Data shown =
____________
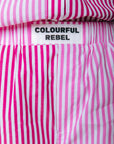 COLOURFUL REBEL SHORT LYN STRIPE LIGHT PINK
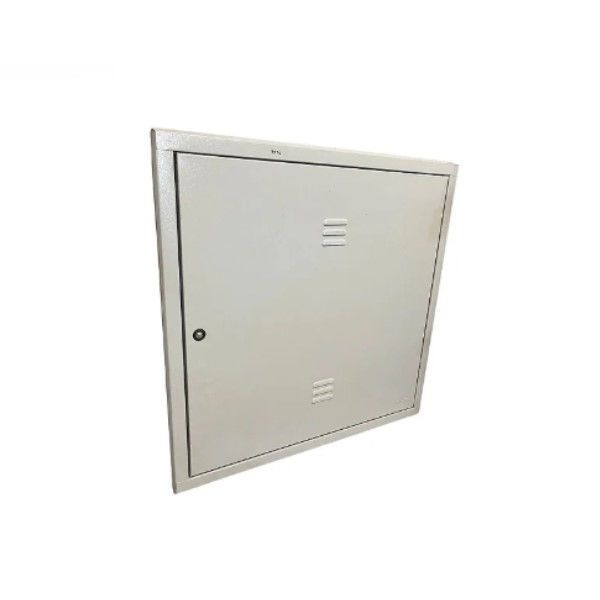 Caixa TELEBRAS N4 Sobrepor Ferro 600x600x120 mm Bege CRT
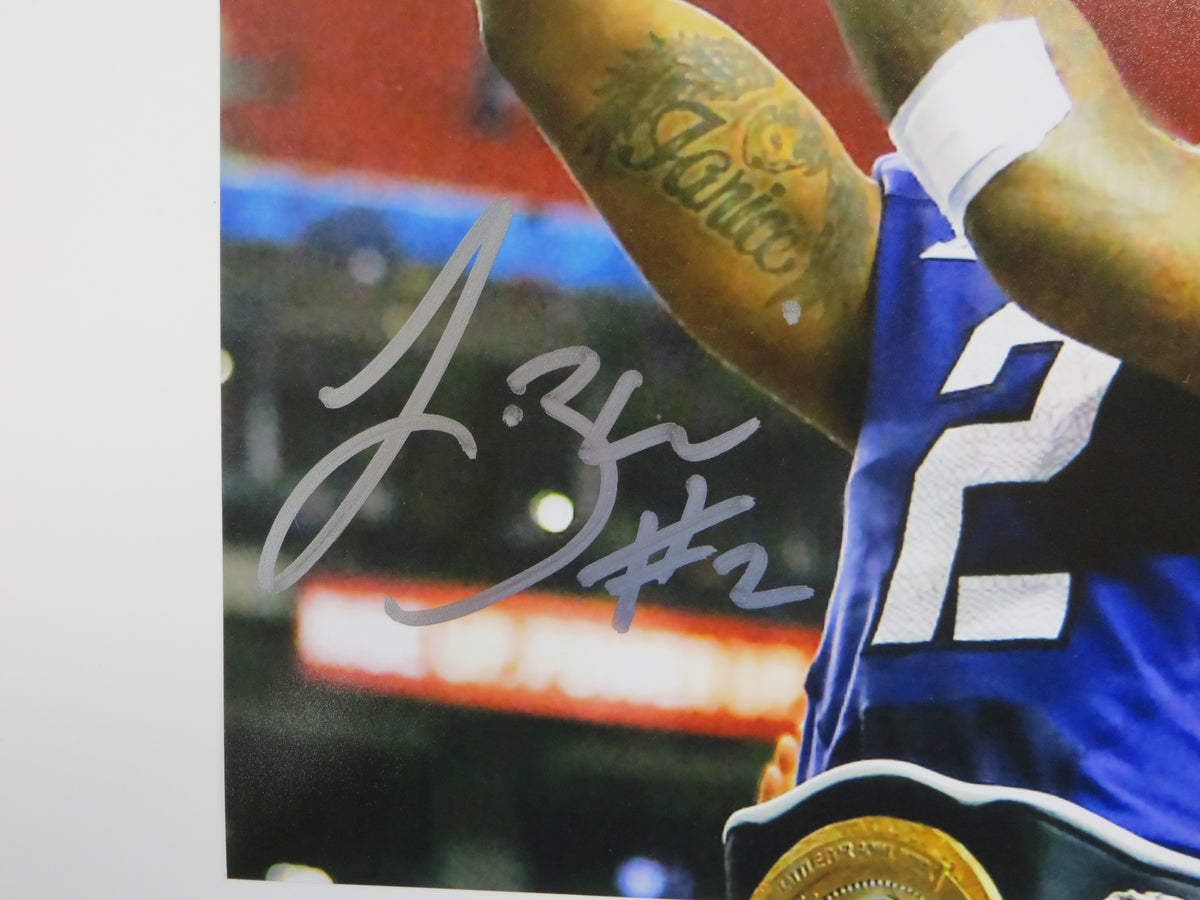 TREVONE BOYKIN TCU HORNED FROGS SIGNED 8x10 with the Trophy PHOTO BAS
____________
What to produce = Repeat, exactly and only, the lines from the one containing "Caixa TELEBRAS N4" through the final line of the data, both ends included, leaving out any picture.

Answer for this exercise =
 Caixa TELEBRAS N4 Sobrepor Ferro 600x600x120 mm Bege CRT
 TREVONE BOYKIN TCU HORNED FROGS SIGNED 8x10 with the Trophy PHOTO BAS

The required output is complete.